I am curious about the different approaches to sorting records on non-indexed columns:

- Using JetOpenTempTable to create an in-memory non-clustered index "by hand", then iterating over the temp table and manually seeking to each row in the "Users"-table

- Using JetOpenTempTable and add all relevant columns, then iterating over the temp table and outputting each sorted row

(JetOpenTempTable can forward-only sort on a text column that is max 127 chars with codepage=unicode)

 

Today we sort non-indexed columns by creating a sort string, and then adding the sort string, row primary key and table name to an array. This array is then quicksorted based on the sort string (in-memory).
Afterwards we sequentially process each item from the sorted array, and perform a primary key seek to each item in the array (similar to a non-clustered index).

Nov 13, 2010 at 6:10 PM

I think there are two issues to consider:

  • Sort all the data, or just sort some columns and join against the main table.
  • Use an in-memory sort or a temporary table.

If the sort key is large relative to the total record size then I suggest sorting all the data to avoid the JetMakeKey/JetSeek/JetRetrieveColumns cost. For the simple schema above that would mean sorting all the data.

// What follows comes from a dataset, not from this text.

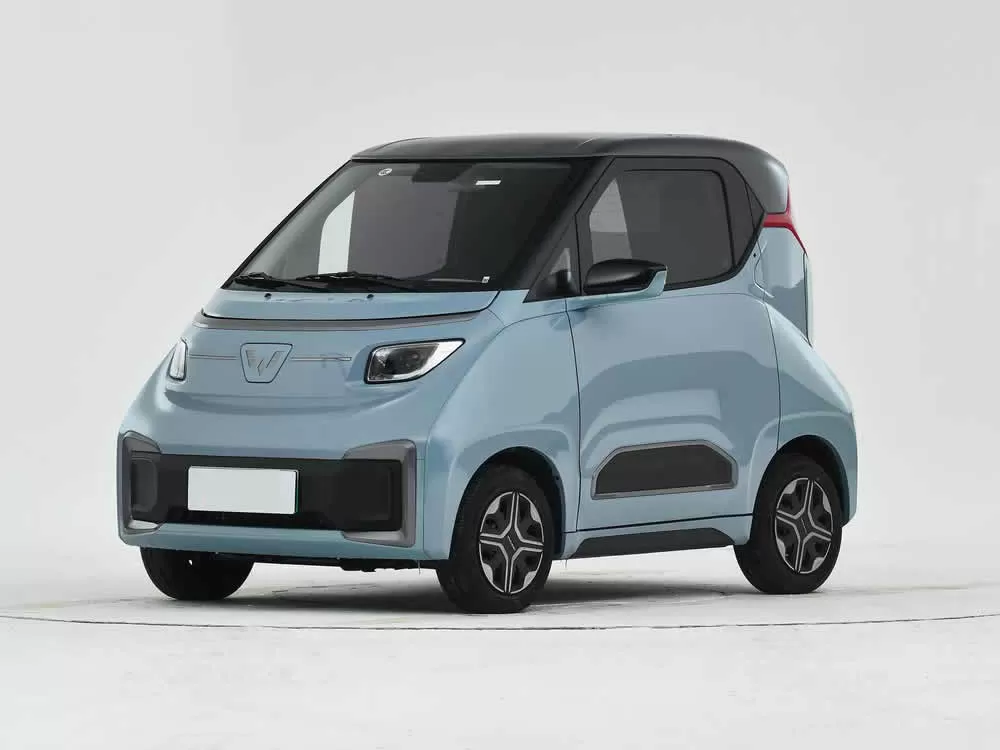 Wuling Nano EV 2022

If you know that the amount of data you are sorting will always fit in RAM then an in-memory sort like you are using is great. If you start swapping then the performance can become very bad and you will need to use a temporary table. A temp table will give reasonable performance with very large amounts of data.

Nov 13, 2010 at 11:46 PM

Thanks for the answer!

 

After some experimenting it looks like porting/upgrading our old code to .net and using lists/icomparable will suffice for sorting on any imagineable sort string (atleast up to 5000 records in-memory). RAM is cheap :-)
Sorting larger sets will probably go into a temp table to build a non-clustered index there, and then seeking and retrieving each row afterwards.